What I’ve learned so far

It’s been a few months since I quit, and I’ve written about what I’ve been up to. I’ve built apps, started doing stand-up comedy, read more books, traveled, and spent time with family and friends. I’ve forgotten what day it was more times than I can count, and I sleep in late often because I haven’t had to set alarms.

The cash inflow is obviously worse, but it’s been interesting to think about other ways to earn money. More importantly, I’ve had time to do things that matter to me, not just things that matter to a quarterly business review.

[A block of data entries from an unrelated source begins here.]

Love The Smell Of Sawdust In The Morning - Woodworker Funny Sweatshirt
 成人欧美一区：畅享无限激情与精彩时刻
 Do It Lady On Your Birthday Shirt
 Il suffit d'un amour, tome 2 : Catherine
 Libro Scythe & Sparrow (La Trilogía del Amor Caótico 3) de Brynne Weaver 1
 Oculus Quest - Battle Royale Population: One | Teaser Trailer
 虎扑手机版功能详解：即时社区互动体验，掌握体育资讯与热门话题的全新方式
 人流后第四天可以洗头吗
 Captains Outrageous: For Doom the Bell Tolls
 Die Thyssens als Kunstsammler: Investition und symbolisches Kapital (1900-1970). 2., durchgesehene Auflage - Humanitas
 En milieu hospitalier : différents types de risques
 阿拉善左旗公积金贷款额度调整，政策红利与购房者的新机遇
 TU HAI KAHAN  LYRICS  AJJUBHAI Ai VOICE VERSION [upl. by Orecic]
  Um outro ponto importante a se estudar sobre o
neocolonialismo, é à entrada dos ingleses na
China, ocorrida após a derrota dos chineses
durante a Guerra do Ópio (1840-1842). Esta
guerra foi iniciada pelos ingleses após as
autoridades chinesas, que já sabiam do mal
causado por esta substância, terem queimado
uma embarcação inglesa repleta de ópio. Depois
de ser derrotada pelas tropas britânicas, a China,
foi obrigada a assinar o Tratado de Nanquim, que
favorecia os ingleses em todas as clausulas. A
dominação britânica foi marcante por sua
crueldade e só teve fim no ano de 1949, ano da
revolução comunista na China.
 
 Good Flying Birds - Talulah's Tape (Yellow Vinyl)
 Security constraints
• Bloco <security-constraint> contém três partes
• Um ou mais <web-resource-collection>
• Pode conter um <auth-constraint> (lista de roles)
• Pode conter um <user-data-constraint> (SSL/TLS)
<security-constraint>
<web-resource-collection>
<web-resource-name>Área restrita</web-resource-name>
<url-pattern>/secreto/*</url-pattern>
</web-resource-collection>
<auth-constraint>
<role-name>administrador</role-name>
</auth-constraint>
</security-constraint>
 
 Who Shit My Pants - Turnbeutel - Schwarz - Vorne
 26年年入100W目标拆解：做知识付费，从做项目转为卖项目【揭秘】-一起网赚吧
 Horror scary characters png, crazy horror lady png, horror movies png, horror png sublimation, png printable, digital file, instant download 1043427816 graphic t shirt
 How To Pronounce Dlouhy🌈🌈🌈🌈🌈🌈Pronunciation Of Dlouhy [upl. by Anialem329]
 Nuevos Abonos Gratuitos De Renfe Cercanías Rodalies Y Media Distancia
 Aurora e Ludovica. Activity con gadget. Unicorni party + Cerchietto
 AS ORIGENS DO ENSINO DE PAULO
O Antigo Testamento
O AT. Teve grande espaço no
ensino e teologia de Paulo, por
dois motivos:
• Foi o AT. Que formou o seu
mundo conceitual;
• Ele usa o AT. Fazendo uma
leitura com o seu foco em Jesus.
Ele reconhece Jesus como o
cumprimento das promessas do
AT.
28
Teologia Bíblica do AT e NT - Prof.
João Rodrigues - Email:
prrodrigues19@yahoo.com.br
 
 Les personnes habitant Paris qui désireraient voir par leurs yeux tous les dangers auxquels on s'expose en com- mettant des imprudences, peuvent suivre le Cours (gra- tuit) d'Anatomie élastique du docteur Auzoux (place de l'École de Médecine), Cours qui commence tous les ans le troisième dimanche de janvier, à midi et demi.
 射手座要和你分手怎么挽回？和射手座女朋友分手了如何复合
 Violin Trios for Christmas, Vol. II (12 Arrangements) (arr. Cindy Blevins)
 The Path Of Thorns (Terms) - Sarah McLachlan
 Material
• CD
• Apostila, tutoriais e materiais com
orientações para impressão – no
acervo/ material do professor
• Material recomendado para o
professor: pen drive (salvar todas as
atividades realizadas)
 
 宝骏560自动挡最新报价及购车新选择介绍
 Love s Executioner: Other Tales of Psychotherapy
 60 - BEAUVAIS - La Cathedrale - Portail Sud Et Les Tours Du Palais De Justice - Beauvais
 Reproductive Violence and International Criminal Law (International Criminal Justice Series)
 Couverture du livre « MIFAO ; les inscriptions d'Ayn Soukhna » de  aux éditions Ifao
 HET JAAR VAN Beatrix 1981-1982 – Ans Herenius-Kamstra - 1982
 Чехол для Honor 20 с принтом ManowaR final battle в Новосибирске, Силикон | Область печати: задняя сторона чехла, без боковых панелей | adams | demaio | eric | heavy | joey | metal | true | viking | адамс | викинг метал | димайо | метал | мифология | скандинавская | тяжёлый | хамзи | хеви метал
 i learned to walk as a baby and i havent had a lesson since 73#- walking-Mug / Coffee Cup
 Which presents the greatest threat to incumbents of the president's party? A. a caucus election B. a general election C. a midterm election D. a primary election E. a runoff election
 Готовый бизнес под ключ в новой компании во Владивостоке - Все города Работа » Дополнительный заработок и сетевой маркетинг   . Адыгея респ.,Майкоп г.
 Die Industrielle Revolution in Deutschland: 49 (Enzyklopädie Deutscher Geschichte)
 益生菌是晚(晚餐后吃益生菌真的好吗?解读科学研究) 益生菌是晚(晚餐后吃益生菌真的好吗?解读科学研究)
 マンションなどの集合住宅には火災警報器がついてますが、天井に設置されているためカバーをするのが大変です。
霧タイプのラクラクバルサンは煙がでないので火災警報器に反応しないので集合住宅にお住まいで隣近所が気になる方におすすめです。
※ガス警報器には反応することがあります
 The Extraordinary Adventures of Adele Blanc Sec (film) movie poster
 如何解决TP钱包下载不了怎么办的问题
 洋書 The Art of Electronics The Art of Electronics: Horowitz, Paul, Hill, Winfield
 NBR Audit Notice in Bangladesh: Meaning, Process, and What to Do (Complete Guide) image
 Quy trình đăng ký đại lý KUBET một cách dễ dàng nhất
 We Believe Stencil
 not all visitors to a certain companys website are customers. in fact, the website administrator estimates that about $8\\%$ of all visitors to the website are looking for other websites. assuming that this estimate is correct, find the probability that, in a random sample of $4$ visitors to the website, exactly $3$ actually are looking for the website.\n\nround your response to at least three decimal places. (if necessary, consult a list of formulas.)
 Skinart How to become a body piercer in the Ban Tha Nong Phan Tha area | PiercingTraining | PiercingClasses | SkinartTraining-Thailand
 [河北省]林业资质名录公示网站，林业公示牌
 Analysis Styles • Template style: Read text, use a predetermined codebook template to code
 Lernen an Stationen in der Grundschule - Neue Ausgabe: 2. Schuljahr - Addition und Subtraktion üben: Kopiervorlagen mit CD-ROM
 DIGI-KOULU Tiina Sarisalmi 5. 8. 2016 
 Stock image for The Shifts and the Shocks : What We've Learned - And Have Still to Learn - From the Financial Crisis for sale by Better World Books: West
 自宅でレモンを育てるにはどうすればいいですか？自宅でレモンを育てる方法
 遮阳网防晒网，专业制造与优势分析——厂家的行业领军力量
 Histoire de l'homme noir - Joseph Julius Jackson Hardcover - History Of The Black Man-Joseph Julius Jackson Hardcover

Note: This entire post, except for this line was written by an LLM with the contents of my blog provided as context. It got around 80% right.

Should you quit?

I’m not here to tell you to quit your job. Everyone’s situation is different, and what worked for me might not work for you. But I do think it’s worth asking yourself: Are you building things that matter to you? Are you learning and growing in ways that feel meaningful? Are you happy with the trade-offs you’re making?

If the answer to those questions is “no,” then maybe it’s worth thinking about what you’d do differently. Maybe that’s finding a different team, or a different company, or a different role. Or maybe, like me, it’s taking some time to figure out what you actually want to do.

The tech industry will always need good engineers. But good engineers also need to take care of themselves, to find work that’s meaningful to them, and to build things that matter. Sometimes that means leaving a job that’s no longer serving you.